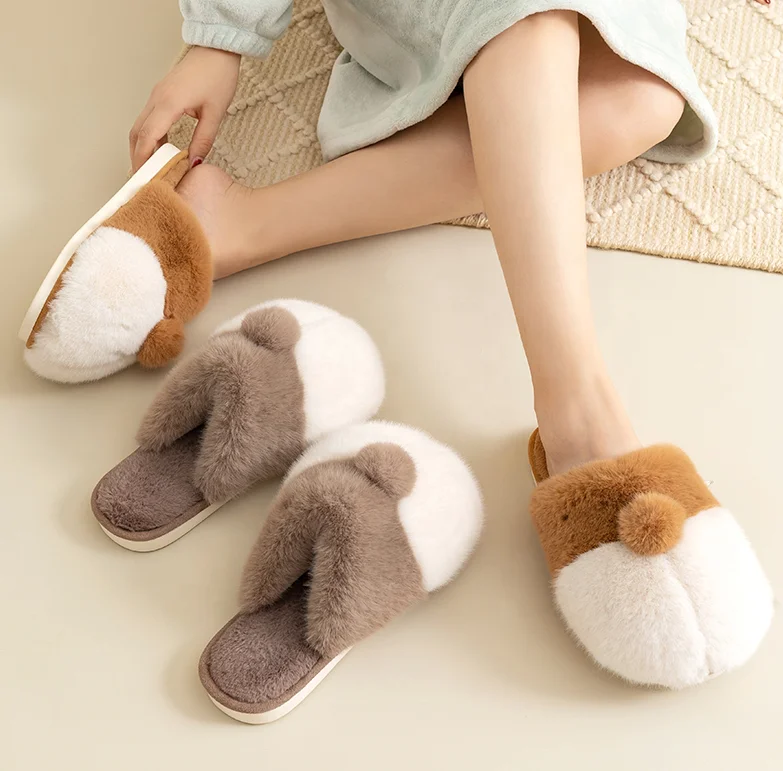 Corgi Fluffy Slippers Plush Rabbit slipper shoe Corgi Dog Winter Warm Indoor Slippers
Corgi Fluffy Slippers Plush Rabbit slipper shoe Corgi Dog Winter Warm Indoor Slippers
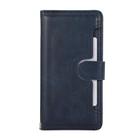 For iPhone 16 Plus Wristband Card Slot Leather Phone Case(Blue) - 2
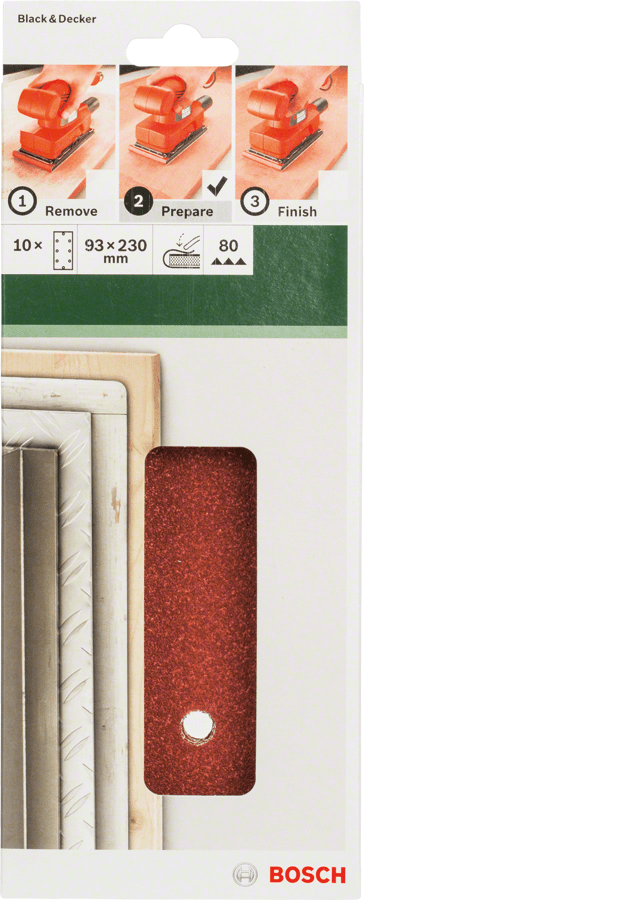 For orbital sanders 93 x 230 mm 80,8 hole 10 Piece clip on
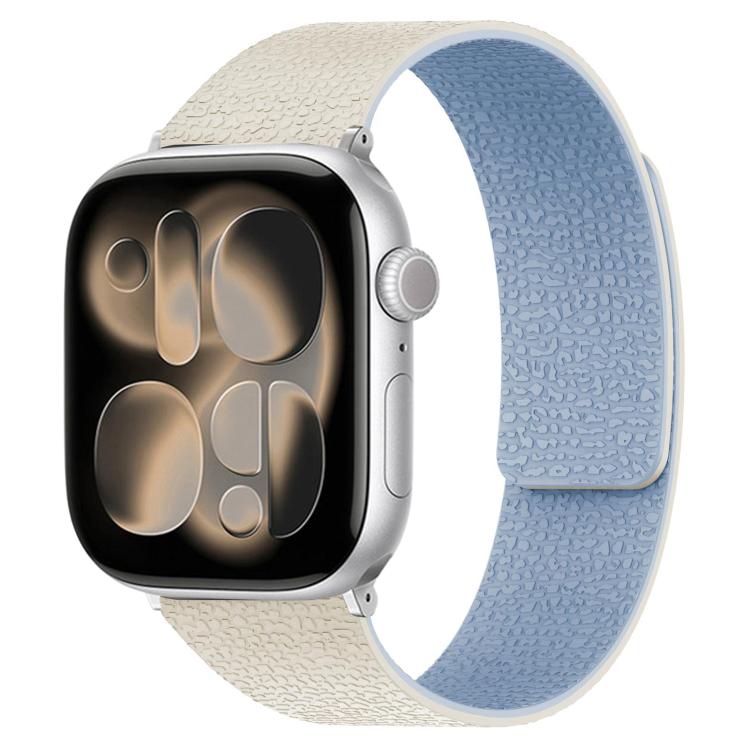 For Apple Watch 42mm / 41mm / 40mm / 38mm Litchi Texture Magnetic Silicone Watch Band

==============================

▶ [GOAL OF THE EXERCISE] Retype the material above exactly, images excluded.

▶ [EXPECTED ANSWER]
 Corgi Fluffy Slippers Plush Rabbit slipper shoe Corgi Dog Winter Warm Indoor Slippers
Corgi Fluffy Slippers Plush Rabbit slipper shoe Corgi Dog Winter Warm Indoor Slippers
 For iPhone 16 Plus Wristband Card Slot Leather Phone Case(Blue) - 2
 For orbital sanders 93 x 230 mm 80,8 hole 10 Piece clip on
 For Apple Watch 42mm / 41mm / 40mm / 38mm Litchi Texture Magnetic Silicone Watch Band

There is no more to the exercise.